Logistic & Linear regression: The Difference
Linear regression and logistic regression are the most commonly used classic machine learning algorithms, therefore knowing about where they differ helps. Let us look at their differences.
Type of variable
In linear regression, the dependent/y variable is always continuous.
In case of a binary logistic regression or multi-nominal logistic regression, the dependent/y variable should be discrete.
Purpose
Linear regression is used to estimate the dependent/y variable, considering the changes that happened to independent/x variables. Example: - With the change in car weight how will the mileage react.
Logistic regression is used to calculate the probability of an event occurring. Example: - Will it rain today in Bengaluru (Yes/No).
Relationship
Linear regression assumes that there is a linear relationship between the independent/x variables and dependent/y variable.
Linearity of relationship between independent/x variables and dependent/y variable is not required in case of logistic regression.
Error
When it comes to residuals, linear regression wants/requires the error term to be normally distributed.
In case of logistic regression, error term to be normally distributed is not required.
Distribution
Linear regression assumes that the data-points in the dependent variable are normally distributed (Gaussian distribution).
Logistic regression assumes binomial distribution (Success or Failure) of dependent variable.
Curve
Linear regression tries to find the best-fit straight line, popularly known as regression line.
In logistic regression, the curve is S-shaped.

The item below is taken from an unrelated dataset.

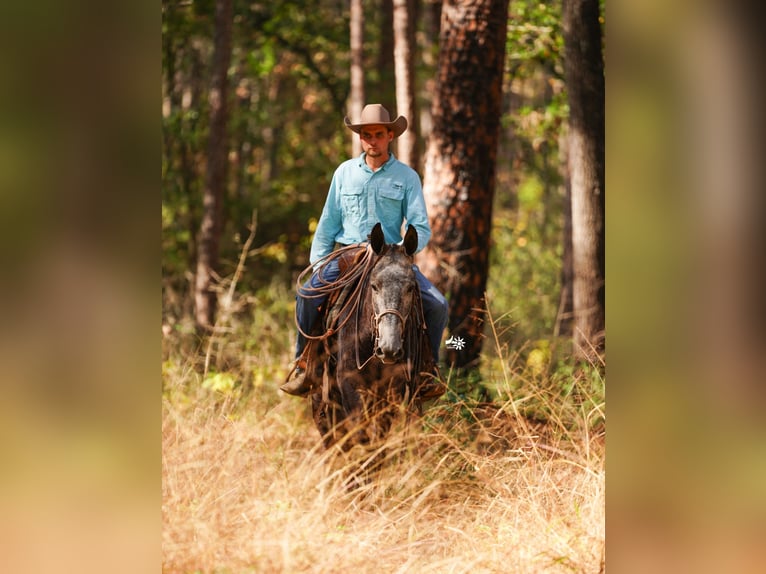 Mule Hongre 3 Ans 147 cm Gris in Huntsville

When you change, the coefficient there is a change in the steepness and direction of the curve. If the impact gives a positive slope the curve will be S-shaped, if the impact gives a negative slope the curve will be Z-shaped.
Sample size
In linear regression, each independent variable should have at least five cases to work with.

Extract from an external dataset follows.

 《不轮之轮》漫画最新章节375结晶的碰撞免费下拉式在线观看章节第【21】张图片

Logistic regression on the other hand needs at least 10 events per independent variable.
Algorithm
Linear regression uses least square estimation method to find a cost function that minimizes the squared distance of each observed response to its fitted value.
Logistic regression uses maximum likelihood estimation, which means you should choose coefficient in such a way that it maximizes the probability of Y given X (likelihood). It’s an iterative process that tries different solution before arriving at the maximum likelihood estimate.
Interpretation
Linear regression is interpreted as, keeping all other independent variable constant, how much the dependent variable increase/decrease with a unit increase in the particular independent variable.
For logistic regression, we interpret odd ratios, with other variables being constant in the model, what is the effect of a one-unit change in X in the predicted odd ratio.
Function Used
Linear regression uses identity link function of Gaussian family.
Logistic regression uses logit function of Binomial family.
Computational Time
As linear regression tries to find the minimum function it takes less time.
Logistic regression is an iterative process that finds the maximum likelihood, hence will take more time.
That is it…..